Source records
%%

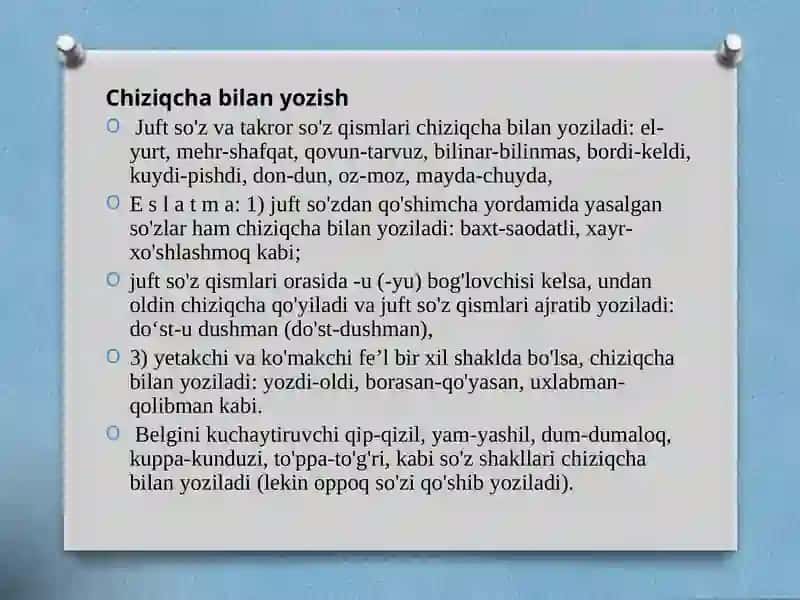 Imlo qoidalari 3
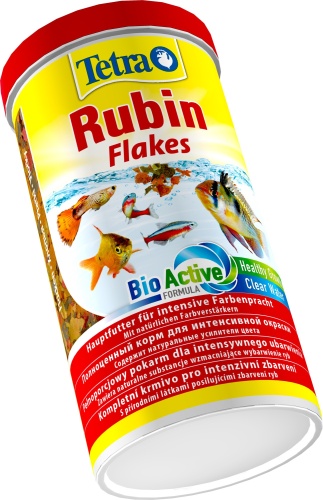 Детальная картинка Корм Tetra Rubin Flakes 1000 мл, хлопья для всех видов рыб, для усиления окраса  фото 2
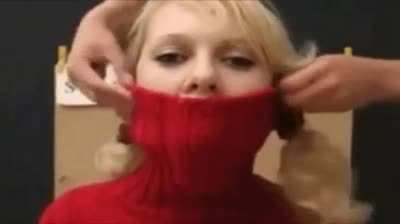 Lexi Belle sweater bondage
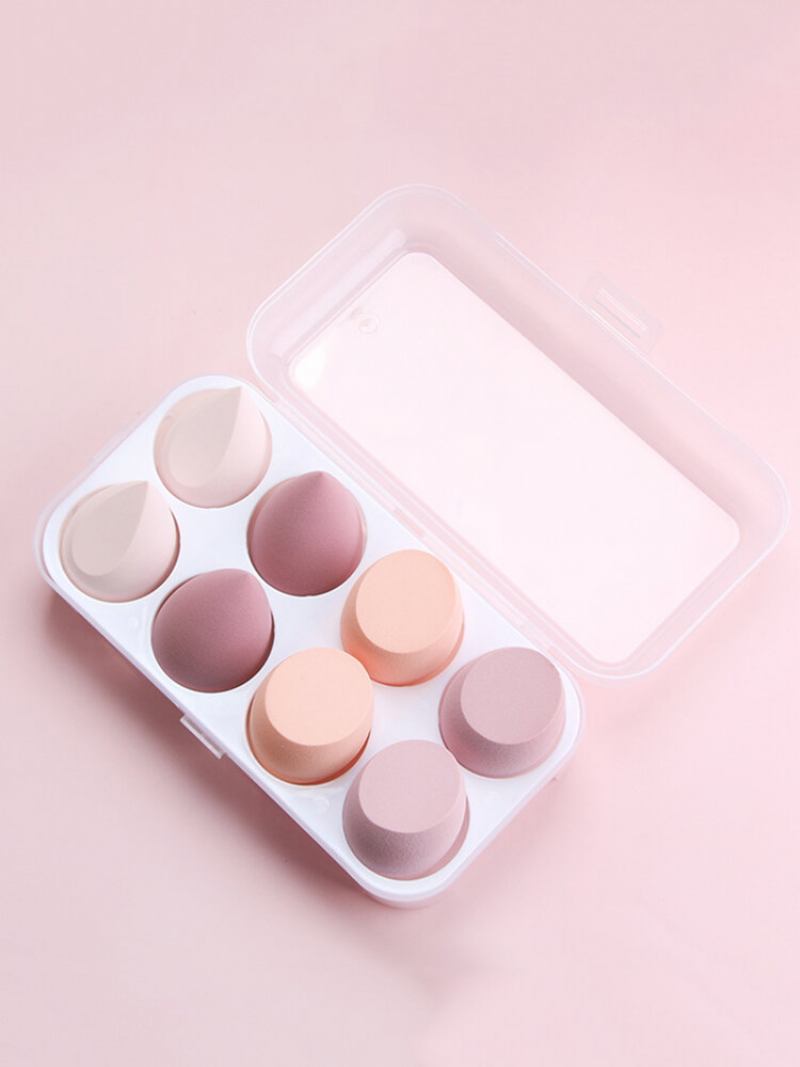 8 Τμχ Beauty Eggs Set Wet-dry Dual Purpose Loose Powder Blush Puff Μακιγιάζ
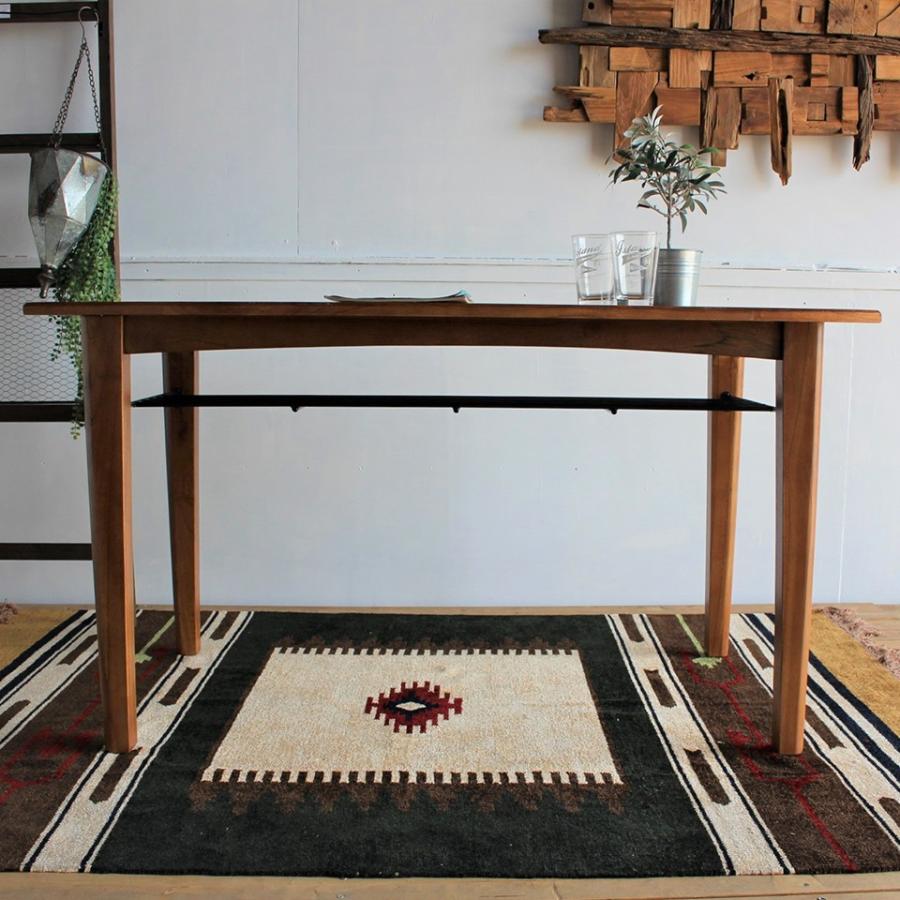 ダイニングテーブル 食卓 センターテーブル アンティーク 幅130cm 奥行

%%

Exclude the images and output the lines above exactly.

> [Result of the exercise]
 Imlo qoidalari 3
 Детальная картинка Корм Tetra Rubin Flakes 1000 мл, хлопья для всех видов рыб, для усиления окраса  фото 2
 Lexi Belle sweater bondage
 8 Τμχ Beauty Eggs Set Wet-dry Dual Purpose Loose Powder Blush Puff Μακιγιάζ
 ダイニングテーブル 食卓 センターテーブル アンティーク 幅130cm 奥行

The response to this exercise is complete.